KUALA LUMPUR, Oct 24 — After heightened criticisms over Prime Minister Tan Sri Muhyiddin Yassin’s rumoured move to invoke ‘emergency’ powers, Umno secretary-general Tan Sri Annuar Musa questioned detractors, asking them to give a solution that would avoid the need for an election.
Taking to Twitter, Annuar said: “Pls advise which law to use when Bt Sapi voters want govt to postpone by-election. Which law to use when Sarawakian want their PRN to be postponed for fear of what happened to Sabah, and which law to use when 87 per cent of voters indicated they don’t want GE for fear of Covid-19 outbreak.”
Speculation has been rife that the Perikatan Nasional (PN) government is seeking to declare a state of emergency as Malaysia struggles to contain the spike in Covid-19 infection that has also hurt the economy.
Reports have so far suggested that Putrajaya is seeking a dubious so-called state of “partial emergency”, also dubbed as “economic, health, or political emergency”.
It is unclear what the emergency powers being sought are at the moment as the breadth and scope under a state of emergency are far-ranging.
This comes as the country recorded a new high of Covid-19 deaths at 10 fatalities two days ago, bringing the total to 214.
Malaysia also recorded 710 new Covid-19 cases on Thursday, bringing total positive cases to 24,514.
Yesterday, Muhyiddin and several other government leaders attended an audience with Yang di-Pertuan Agong Sultan Abdullah Ri’ayatuddin Al-Mustafa Billah Shah at the latter’s Istana Abdulaziz in Kuantan.
However, no announcement was made following the audience.
Several lawyers polled by Malay Mail have also cast their doubts over the feasibility of the rumoured so-called “partial emergency”.
Pointing to the Federal Constitution, constitutional experts said the country’s supreme document only provides for one type of emergency that would either cover the whole country or any state in its Article 150.
Article 150 in the Constitution handles the proclamation of emergency. Article 150(1) states that “if the Yang di-Pertuan Agong is satisfied that a grave emergency exists whereby the security, or the economic life, or public order in the Federation or any part thereof is threatened”, he may issue a proclamation of emergency.

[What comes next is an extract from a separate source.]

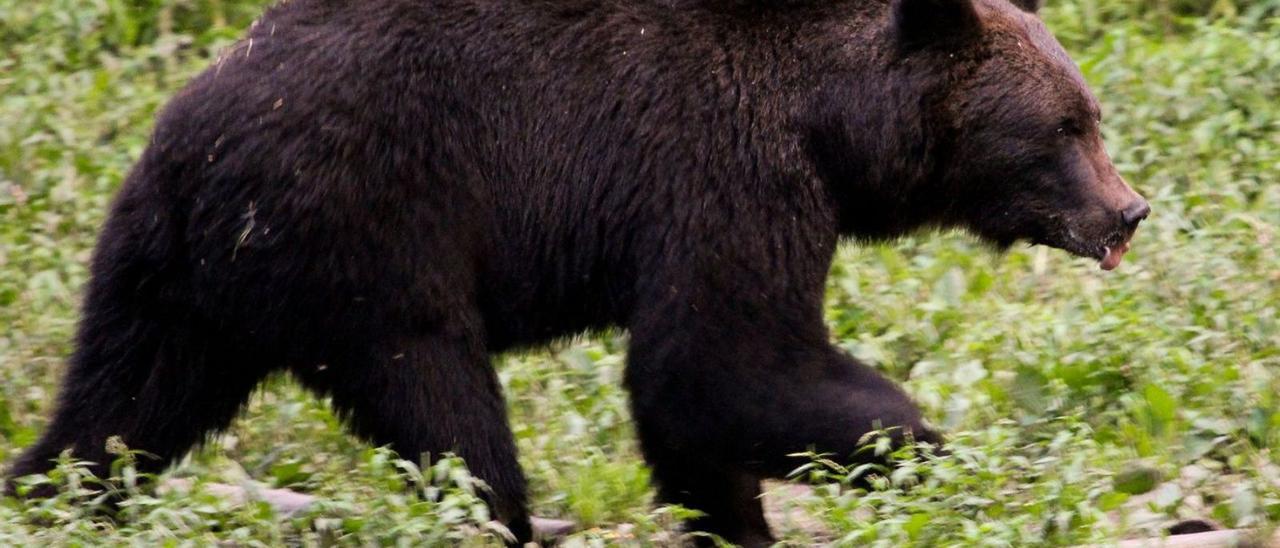 Un macho joven de oso pardo. | L. M. Arce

The said proclamation must only be done with the advice of the Cabinet or the prime minister.
However, the lawyers also said that the details of such an emergency would be up to the government.
With an emergency proclaimed, the executive branch will have almost absolute authority over the running of the country in a crisis, without check and balance from the other two branches: the legislative and judiciary.